Black hole collisions they are so powerful that they distort the very structure of space-time, sending gravitational waves through the cosmos. Waves lap the Earth, and tuned detectors allow us to “hear” these collisions with impressive precision. However, we cannot “see” them. Black holes swallow light and radiation with their immense gravitational pull, making these mergers invisible to us.
Through S190521g, a candidate gravitational wave event detected on May 21, 2019.
When the wave crashed into Earth, it activated the gravitational wave detectors at the twin LIGO facilities in the US and the Virgo observatory in Italy. The signal told investigators they had just heard two giant black holes colliding in a distant region of space. Fortunately, almost at the same time, the Zwicky Transitional Facility at the Palomar Observatory in California had its telescopic eyes focused on the same region of space.
And by carefully studying the data, the researchers found an explosive explosion that occurred at almost the same time.
In a study published in the astrophysical journal Physical Review Letters on Thursday, astronomers detail the flare detected by ZTF and why they believe it is connected to the merger of S190521g black holes. If his theory is confirmed, it would be the first time anyone detects an electromagnetic counterpart, light, associated with a black hole collision.
“It would be amazing if the GW and EM signals were related,” says Rory Smith, an astrophysicist at Monash University in Australia, who was not affiliated with the study.

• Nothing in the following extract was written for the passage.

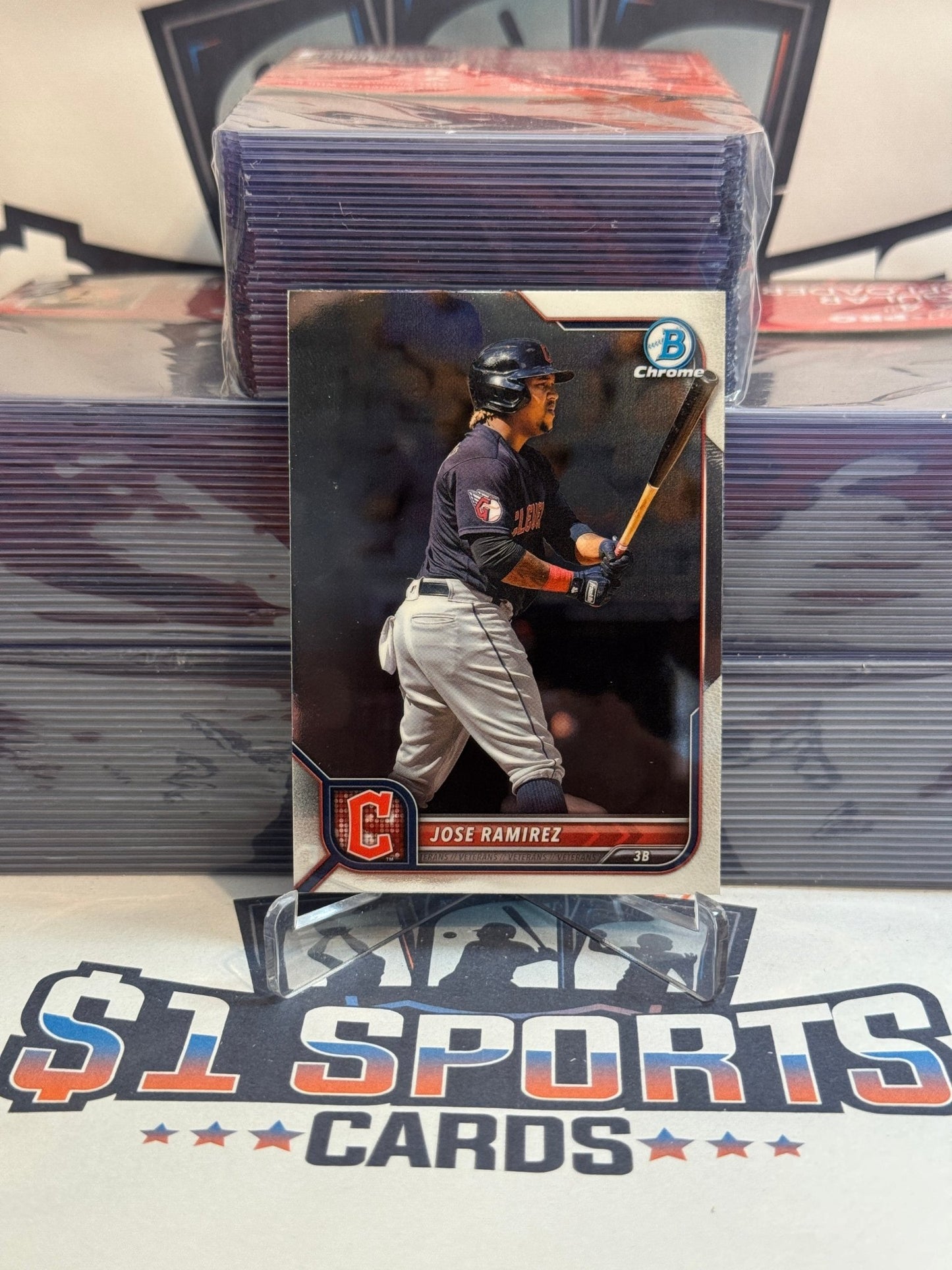 2022 Bowman Chrome Jose Ramirez #63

The new research is based on the theory that black hole mergers regularly occur in accretion disks surrounding supermassive black holes. The accretion disk is a rotating region filled with gas, dust, stars, and black holes, and in this extreme environment the cosmic beasts constantly come into contact with each other: they meet, dance, and potentially collide. Previous research predicted what an explosive explosion from a black hole fusion would look like if it took place on an accretion disk.
According to the team’s predictions, Matthew Graham, the ZTF chief scientist and first author of the study, and his team looked for this explosive flare in the ZTF data and eventually found their candidate near a distant supermassive black hole called J1249 + 3449. The team believes that a pair of black holes merged into the giant gas disk and the fusion caused a “recoil”, disturbing and heating the gas and debris. The disturbance is the flare that ZTF collected.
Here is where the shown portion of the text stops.